---------- Data supplied

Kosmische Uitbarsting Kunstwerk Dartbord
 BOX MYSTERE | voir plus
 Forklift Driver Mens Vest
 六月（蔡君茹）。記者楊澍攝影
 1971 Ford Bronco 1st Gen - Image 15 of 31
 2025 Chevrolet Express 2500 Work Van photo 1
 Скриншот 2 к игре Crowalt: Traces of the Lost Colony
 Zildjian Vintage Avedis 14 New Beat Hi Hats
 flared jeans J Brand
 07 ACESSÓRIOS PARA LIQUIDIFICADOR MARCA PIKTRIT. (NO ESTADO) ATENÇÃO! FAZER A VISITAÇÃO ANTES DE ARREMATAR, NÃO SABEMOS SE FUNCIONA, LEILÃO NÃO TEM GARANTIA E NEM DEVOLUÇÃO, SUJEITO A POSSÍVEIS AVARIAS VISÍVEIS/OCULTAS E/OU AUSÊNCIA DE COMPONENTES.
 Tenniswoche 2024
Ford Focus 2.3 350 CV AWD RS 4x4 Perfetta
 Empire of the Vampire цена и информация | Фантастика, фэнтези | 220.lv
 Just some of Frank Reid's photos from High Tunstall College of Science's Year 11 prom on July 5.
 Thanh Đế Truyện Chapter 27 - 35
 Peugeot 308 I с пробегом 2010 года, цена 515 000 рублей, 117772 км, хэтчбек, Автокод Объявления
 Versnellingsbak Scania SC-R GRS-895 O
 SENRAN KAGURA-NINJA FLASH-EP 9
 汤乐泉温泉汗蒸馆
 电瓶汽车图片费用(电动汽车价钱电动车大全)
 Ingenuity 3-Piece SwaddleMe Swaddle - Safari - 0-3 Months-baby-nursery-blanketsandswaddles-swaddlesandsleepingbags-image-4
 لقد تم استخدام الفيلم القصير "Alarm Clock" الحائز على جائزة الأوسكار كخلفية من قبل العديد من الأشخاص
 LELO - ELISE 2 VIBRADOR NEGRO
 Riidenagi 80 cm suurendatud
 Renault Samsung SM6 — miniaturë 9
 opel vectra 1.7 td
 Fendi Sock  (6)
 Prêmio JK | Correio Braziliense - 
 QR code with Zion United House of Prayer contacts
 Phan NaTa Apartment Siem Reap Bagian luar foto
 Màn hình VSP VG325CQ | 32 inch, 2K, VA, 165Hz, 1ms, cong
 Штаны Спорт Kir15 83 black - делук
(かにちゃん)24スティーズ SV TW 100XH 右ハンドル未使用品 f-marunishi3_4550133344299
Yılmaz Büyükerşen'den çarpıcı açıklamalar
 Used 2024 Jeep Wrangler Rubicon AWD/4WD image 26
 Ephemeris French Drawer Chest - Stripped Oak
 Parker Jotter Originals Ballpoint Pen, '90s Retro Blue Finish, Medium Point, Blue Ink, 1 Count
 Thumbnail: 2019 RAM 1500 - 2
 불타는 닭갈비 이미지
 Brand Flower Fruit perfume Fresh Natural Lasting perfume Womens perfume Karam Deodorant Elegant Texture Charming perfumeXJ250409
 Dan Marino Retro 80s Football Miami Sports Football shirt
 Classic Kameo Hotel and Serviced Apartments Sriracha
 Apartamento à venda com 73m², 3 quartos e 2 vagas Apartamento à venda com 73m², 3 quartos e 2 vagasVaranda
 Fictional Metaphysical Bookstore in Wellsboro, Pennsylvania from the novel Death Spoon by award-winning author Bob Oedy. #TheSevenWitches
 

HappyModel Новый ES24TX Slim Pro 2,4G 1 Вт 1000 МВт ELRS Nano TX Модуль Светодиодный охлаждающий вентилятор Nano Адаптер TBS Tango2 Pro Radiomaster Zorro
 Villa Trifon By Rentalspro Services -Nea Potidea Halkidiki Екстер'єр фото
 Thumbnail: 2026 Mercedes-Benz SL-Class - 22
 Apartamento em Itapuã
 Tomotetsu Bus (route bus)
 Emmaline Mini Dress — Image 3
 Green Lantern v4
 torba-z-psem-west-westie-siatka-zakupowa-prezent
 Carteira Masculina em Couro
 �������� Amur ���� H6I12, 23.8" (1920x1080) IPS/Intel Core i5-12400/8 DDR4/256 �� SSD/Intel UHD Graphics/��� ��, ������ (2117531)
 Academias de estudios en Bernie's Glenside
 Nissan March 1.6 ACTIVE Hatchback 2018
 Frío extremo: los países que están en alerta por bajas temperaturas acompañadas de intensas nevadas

--------------------

-- Directions for this task --
Return only the lines between the one holding "Villa Trifon By" and the one holding "Carteira Masculina em Couro", inclusive, exactly as they appear above.

-- Response to the task --
 Villa Trifon By Rentalspro Services -Nea Potidea Halkidiki Екстер'єр фото
 Thumbnail: 2026 Mercedes-Benz SL-Class - 22
 Apartamento em Itapuã
 Tomotetsu Bus (route bus)
 Emmaline Mini Dress — Image 3
 Green Lantern v4
 torba-z-psem-west-westie-siatka-zakupowa-prezent
 Carteira Masculina em Couro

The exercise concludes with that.